• [Assigned task]:
As soon as the line containing "3 Bedroom Cozy Home In Peñiscola" appears, start repeating lines exactly and continue to the end of the entries; please skip pictures.

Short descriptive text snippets
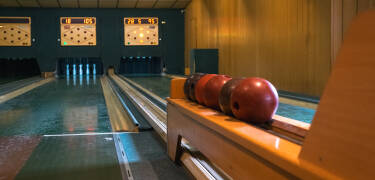 Ha roligt med ett vänskapligt parti bowling på hotellets helautomatiska banor.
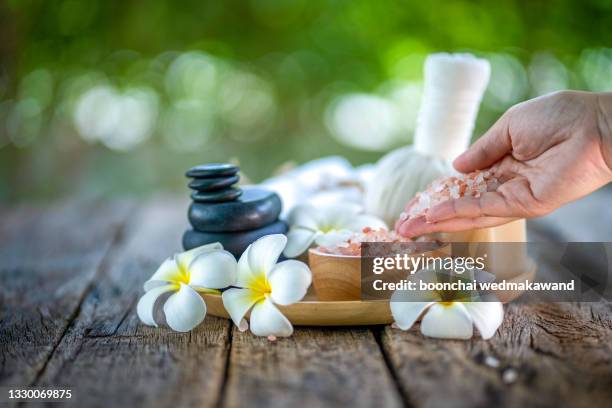 herbal compress and pink salt for body spa. - spa treatment photos et images de collection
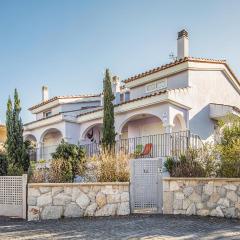 3 Bedroom Cozy Home In Peñiscola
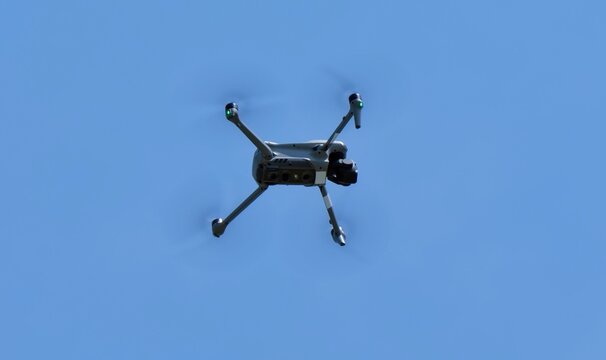 Surveillance drone automated license plate reader cameras patrol local home owners association - safety security personal privacy right 4th amendment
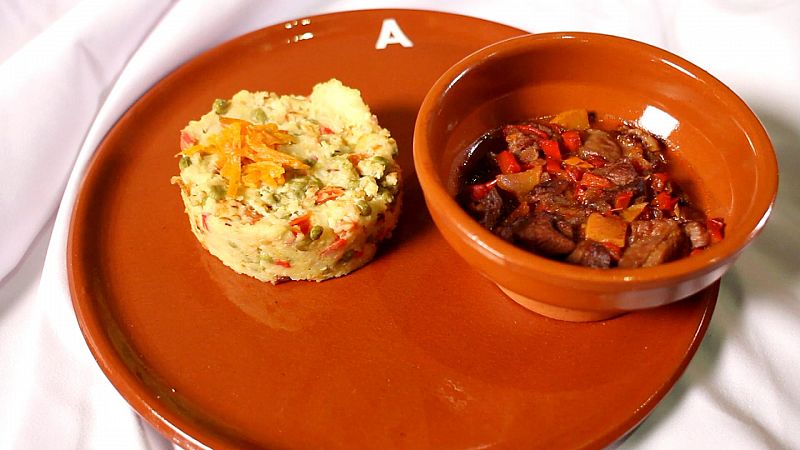 MasterChef Junior - Tortilla de patata y chorizo con cebolla y guiso de pavo con alcachofas y champiñones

• [Your response]:
 3 Bedroom Cozy Home In Peñiscola
 Surveillance drone automated license plate reader cameras patrol local home owners association - safety security personal privacy right 4th amendment
 MasterChef Junior - Tortilla de patata y chorizo con cebolla y guiso de pavo con alcachofas y champiñones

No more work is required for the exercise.